Scientists from the Center for Free-Electron Laser Science (CFEL) have developed a groundbreaking technique for imaging biological structures using high-energy X-rays without causing damage to the samples. Led by Saša Bajt and Henry Chapman, the team utilized the PETRA III synchrotron light source at DESY to generate high-resolution X-ray images of dried biological material without the need for freezing, coating, or other alterations. The technique, which relies on diffractive lenses to focus high-energy X-rays, allows for imaging at less than 1% of the X-ray damage threshold of the sample. The results of their study, published in the journal Light: Science & Applications, demonstrate the potential of this method for future applications in brighter next-generation light sources like PETRA IV.
When X-rays interact with biological material, the resulting effects depend on the energy and intensity of the X-rays. Lower-energy X-rays are absorbed by the atoms in the sample, causing damage due to the energy transfer. Higher-energy X-rays, on the other hand, undergo elastic scattering, where they bounce off the matter without depositing their energy. This interaction is utilized in techniques such as crystallography and ptychography, but absorption and subsequent damage to the sample still occur. The CFEL team explored a third interaction called Compton scattering, which involves X-rays leaving only a small amount of energy in the target material. This method had been overlooked due to the lack of suitable high-resolution lenses for higher X-ray energies.

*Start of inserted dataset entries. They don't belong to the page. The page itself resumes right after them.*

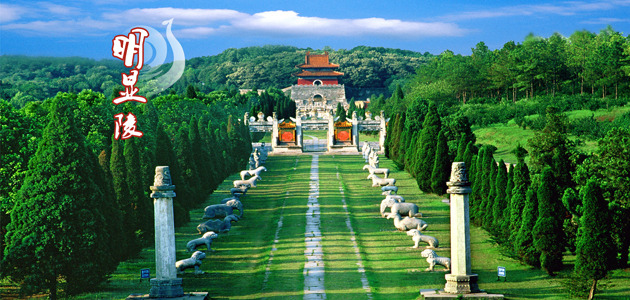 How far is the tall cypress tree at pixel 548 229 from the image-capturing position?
68.0 ft

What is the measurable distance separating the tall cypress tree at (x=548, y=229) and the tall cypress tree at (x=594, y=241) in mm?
1742

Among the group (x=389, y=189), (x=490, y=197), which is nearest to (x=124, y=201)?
(x=490, y=197)

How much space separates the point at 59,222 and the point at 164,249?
119 inches

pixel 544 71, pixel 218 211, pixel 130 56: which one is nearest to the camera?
pixel 130 56

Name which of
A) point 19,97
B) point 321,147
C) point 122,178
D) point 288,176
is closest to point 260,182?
point 288,176

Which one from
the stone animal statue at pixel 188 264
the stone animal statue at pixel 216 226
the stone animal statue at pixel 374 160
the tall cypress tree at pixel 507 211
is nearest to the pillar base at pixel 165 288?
the stone animal statue at pixel 188 264

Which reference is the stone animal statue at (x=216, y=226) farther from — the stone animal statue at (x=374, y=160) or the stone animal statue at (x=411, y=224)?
the stone animal statue at (x=374, y=160)

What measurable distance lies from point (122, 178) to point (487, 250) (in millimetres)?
13797

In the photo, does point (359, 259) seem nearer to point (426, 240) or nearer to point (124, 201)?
point (426, 240)

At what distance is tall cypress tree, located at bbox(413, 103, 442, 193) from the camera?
38219 mm

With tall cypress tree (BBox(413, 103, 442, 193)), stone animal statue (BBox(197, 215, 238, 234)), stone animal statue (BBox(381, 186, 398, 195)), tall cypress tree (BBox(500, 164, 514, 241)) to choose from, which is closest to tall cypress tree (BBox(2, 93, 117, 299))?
stone animal statue (BBox(197, 215, 238, 234))

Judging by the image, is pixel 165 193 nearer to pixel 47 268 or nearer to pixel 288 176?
pixel 47 268

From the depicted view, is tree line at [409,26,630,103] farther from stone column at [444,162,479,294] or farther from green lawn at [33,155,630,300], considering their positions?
stone column at [444,162,479,294]

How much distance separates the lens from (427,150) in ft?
128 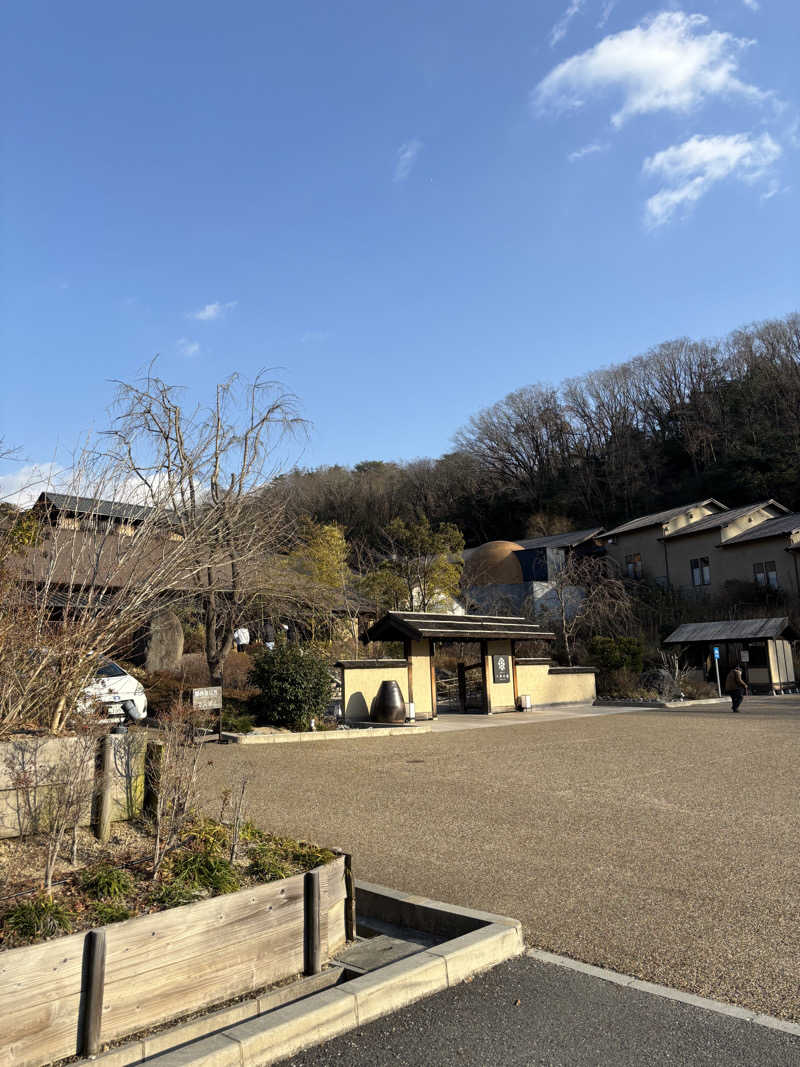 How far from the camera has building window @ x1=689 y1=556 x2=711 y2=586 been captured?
1610 inches

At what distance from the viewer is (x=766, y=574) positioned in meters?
37.3

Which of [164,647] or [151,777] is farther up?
[164,647]

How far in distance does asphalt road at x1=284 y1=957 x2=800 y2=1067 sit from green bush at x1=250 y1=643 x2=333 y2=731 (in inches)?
465

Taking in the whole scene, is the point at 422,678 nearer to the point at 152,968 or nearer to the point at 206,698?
the point at 206,698

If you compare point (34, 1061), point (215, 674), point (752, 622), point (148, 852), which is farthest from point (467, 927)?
point (752, 622)

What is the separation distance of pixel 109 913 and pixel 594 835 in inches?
185

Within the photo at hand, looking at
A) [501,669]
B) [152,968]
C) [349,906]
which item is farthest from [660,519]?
[152,968]

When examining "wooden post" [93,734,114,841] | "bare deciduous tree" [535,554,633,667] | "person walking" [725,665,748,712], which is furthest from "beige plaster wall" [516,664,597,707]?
"wooden post" [93,734,114,841]

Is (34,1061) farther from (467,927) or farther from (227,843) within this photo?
(467,927)

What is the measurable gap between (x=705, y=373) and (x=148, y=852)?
6524cm

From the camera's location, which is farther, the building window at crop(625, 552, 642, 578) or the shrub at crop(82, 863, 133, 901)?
the building window at crop(625, 552, 642, 578)

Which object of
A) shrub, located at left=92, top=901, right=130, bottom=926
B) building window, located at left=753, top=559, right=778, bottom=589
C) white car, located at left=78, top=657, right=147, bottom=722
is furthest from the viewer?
building window, located at left=753, top=559, right=778, bottom=589

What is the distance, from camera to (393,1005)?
376 cm

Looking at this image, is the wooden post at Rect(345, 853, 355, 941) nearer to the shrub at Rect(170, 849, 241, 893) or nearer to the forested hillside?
the shrub at Rect(170, 849, 241, 893) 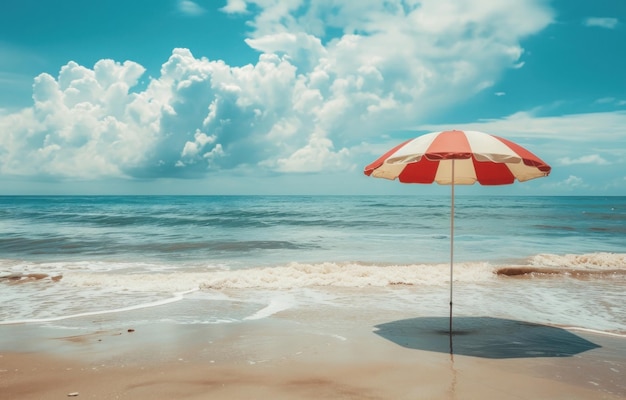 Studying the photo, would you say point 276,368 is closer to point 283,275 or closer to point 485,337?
point 485,337

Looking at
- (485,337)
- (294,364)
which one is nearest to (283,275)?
(485,337)

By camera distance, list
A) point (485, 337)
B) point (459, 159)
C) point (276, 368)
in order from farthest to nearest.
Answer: point (485, 337)
point (459, 159)
point (276, 368)

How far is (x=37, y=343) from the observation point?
6480mm

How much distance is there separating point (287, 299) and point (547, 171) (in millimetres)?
5779

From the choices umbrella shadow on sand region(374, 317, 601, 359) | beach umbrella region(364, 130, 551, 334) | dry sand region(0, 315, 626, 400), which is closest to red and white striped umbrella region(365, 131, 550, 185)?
beach umbrella region(364, 130, 551, 334)

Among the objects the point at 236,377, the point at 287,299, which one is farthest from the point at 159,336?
the point at 287,299

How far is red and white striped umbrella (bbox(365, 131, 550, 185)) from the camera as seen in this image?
5.76 meters

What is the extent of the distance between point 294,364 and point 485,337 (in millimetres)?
3171

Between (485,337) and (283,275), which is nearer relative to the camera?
(485,337)

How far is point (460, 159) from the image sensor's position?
6641mm

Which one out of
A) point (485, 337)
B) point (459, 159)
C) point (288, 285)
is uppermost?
point (459, 159)

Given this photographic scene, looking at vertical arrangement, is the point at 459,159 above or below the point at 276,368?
above

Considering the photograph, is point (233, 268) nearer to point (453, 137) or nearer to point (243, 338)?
point (243, 338)

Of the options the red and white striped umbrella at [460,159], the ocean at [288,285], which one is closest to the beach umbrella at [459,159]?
the red and white striped umbrella at [460,159] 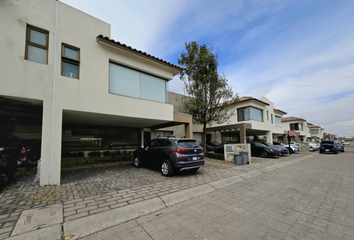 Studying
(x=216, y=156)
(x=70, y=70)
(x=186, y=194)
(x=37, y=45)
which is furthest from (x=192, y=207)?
(x=216, y=156)

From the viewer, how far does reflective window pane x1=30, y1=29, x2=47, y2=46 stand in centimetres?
595

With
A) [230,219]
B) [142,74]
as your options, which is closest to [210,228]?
[230,219]

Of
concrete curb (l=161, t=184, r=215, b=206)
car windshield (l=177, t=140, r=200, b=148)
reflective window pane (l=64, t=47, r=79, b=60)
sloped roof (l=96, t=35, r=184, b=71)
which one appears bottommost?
concrete curb (l=161, t=184, r=215, b=206)

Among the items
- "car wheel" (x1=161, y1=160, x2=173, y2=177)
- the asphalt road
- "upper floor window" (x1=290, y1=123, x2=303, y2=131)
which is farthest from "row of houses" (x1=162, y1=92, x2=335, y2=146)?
"upper floor window" (x1=290, y1=123, x2=303, y2=131)

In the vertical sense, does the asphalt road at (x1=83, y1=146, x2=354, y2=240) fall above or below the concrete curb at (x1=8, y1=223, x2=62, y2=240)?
below

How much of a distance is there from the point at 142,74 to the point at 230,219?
7.45 m

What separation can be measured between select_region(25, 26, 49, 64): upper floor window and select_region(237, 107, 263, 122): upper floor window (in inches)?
712

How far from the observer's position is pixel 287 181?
6.82 m

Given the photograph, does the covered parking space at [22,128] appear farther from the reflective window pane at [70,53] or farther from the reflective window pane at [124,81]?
the reflective window pane at [124,81]

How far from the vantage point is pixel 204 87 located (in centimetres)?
1306

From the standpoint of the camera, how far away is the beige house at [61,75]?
5523 mm

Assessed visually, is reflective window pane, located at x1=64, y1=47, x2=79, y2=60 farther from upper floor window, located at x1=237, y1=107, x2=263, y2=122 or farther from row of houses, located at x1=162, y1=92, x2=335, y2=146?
upper floor window, located at x1=237, y1=107, x2=263, y2=122

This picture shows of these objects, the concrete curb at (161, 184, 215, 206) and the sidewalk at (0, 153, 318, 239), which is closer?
the sidewalk at (0, 153, 318, 239)

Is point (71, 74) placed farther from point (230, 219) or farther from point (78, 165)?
point (230, 219) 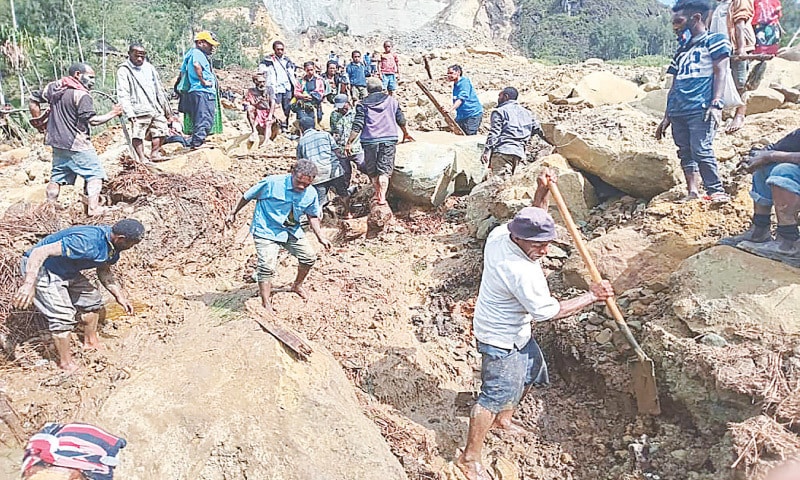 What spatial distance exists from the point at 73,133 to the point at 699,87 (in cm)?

To address this challenge, the team developed multilayer Laue lenses, which consist of nanometer-thin alternating layers of silicon carbide and tungsten carbide. These lenses enabled efficient focusing of the X-ray beam for imaging. Using the lens system and the PETRA III beamline P07, the team successfully imaged various biological materials by detecting Compton scattering data as the sample was exposed to the focused beam. PETRA III provided the necessary brightness at high X-ray energies to acquire images in a reasonable time frame. The team achieved a resolution of 70 nanometers for each sample, with minimal radiation damage left behind.
The researchers note that a spherical detector would further enhance the results since X-rays emitted from the sample scatter in all directions. With a brighter source, such as the planned PETRA IV facility, the method could achieve resolutions of up to 10 nanometers without causing damage. This advancement opens up possibilities for imaging whole unsectioned cells or tissues, tracking nanoparticles within cells, and investigating non-biological subjects like battery mechanics. The team highlights the novelty of their technique, emphasizing that there is much to explore in the future.